- [What the exercise asks]
I'd like the records transcribed exactly, leaving the images out.

- [The data]
===============

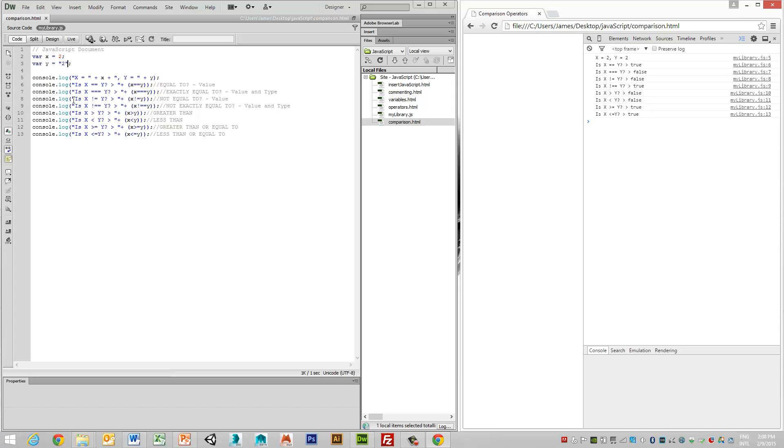We can then look at not equals to, where we're actually asking the question, is it not equal? And in this case, the answer is false, because it still thinks that the values are the same.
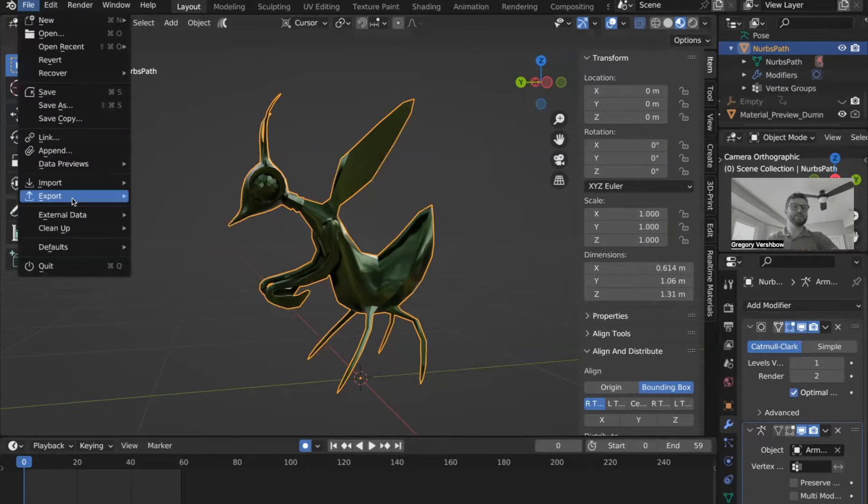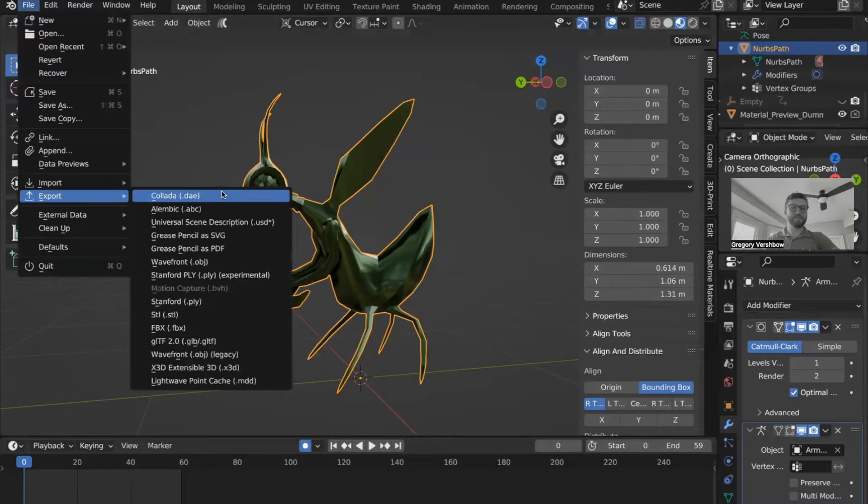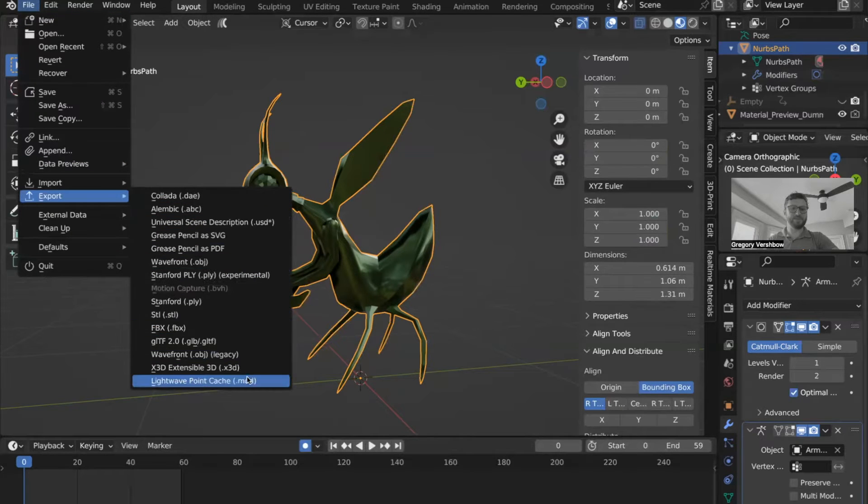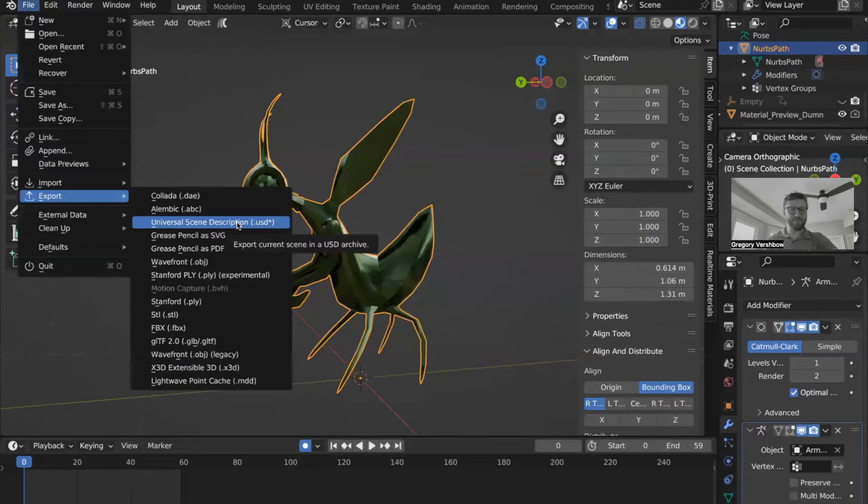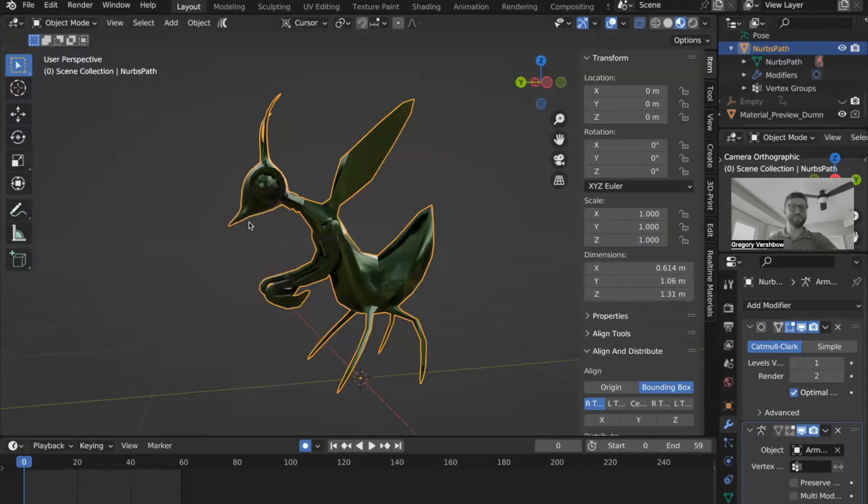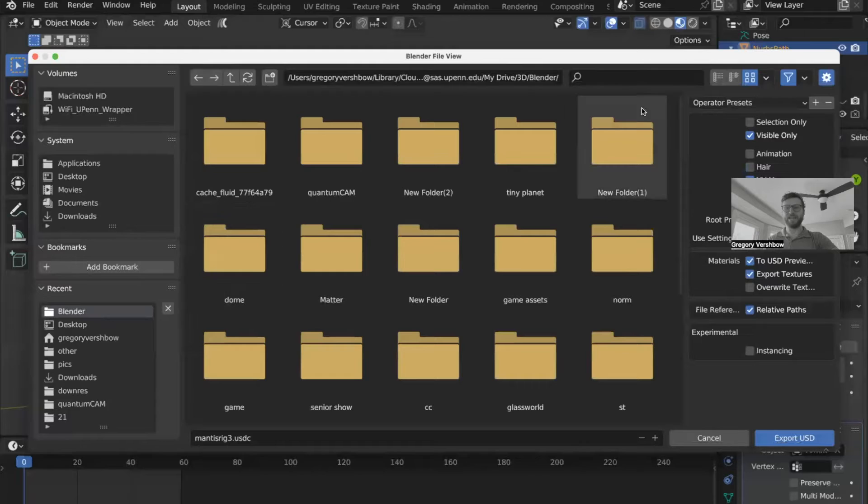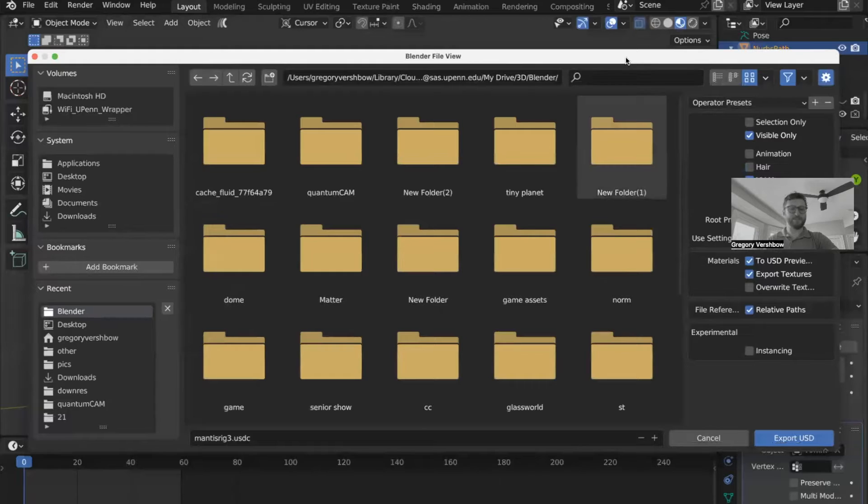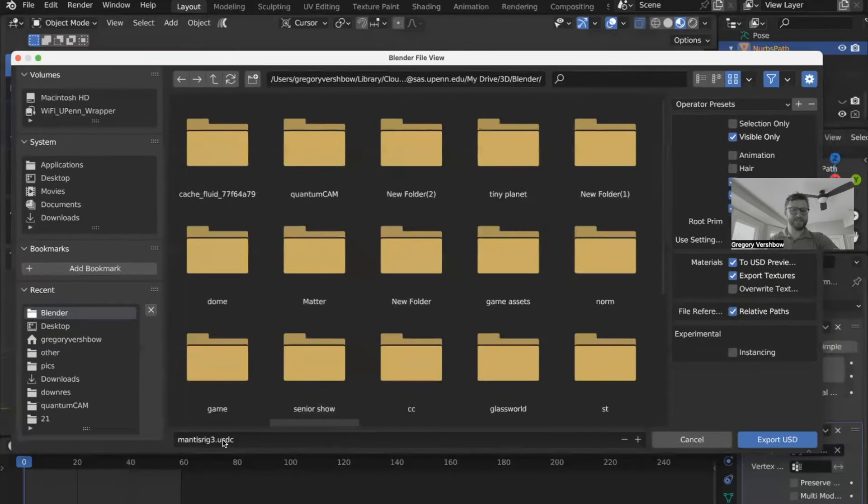So now we'll just go to export, and we will go to USDZ, or I should backtrack to say USD asterisk is what it says here, universal scene description. And here we have the export dialogue for this.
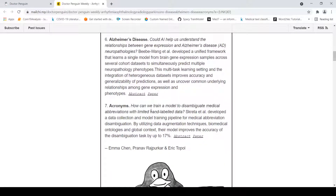The acronyms topic is related to NLP — specifically, how can we train a model to disambiguate medical abbreviations with limited hand-labeled data. There is a short summary of each paper, and you can also access the abstract and the paper itself by clicking on the provided links.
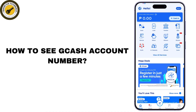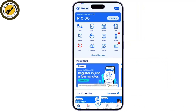How to see your GCash account number. Your GCash account number is a unique 11-digit number representing your GCash account or e-wallet. The GCash number is the same as the mobile number that you used to register to GCash.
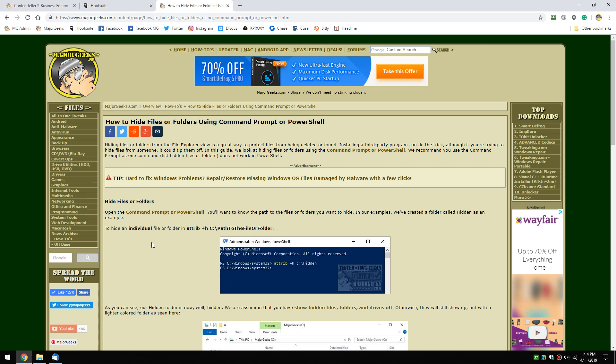Hey Geeks, Tim Tibbetts with MajorGeeks.com. Today we're going to show you how to hide files or folders using the command prompt or PowerShell.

===============

- [Exercise result]
We can then look at not equals to, where we're actually asking the question, is it not equal? And in this case, the answer is false, because it still thinks that the values are the same.
So now we'll just go to export, and we will go to USDZ, or I should backtrack to say USD asterisk is what it says here, universal scene description. And here we have the export dialogue for this.
The acronyms topic is related to NLP — specifically, how can we train a model to disambiguate medical abbreviations with limited hand-labeled data. There is a short summary of each paper, and you can also access the abstract and the paper itself by clicking on the provided links.
How to see your GCash account number. Your GCash account number is a unique 11-digit number representing your GCash account or e-wallet. The GCash number is the same as the mobile number that you used to register to GCash.
Hey Geeks, Tim Tibbetts with MajorGeeks.com. Today we're going to show you how to hide files or folders using the command prompt or PowerShell.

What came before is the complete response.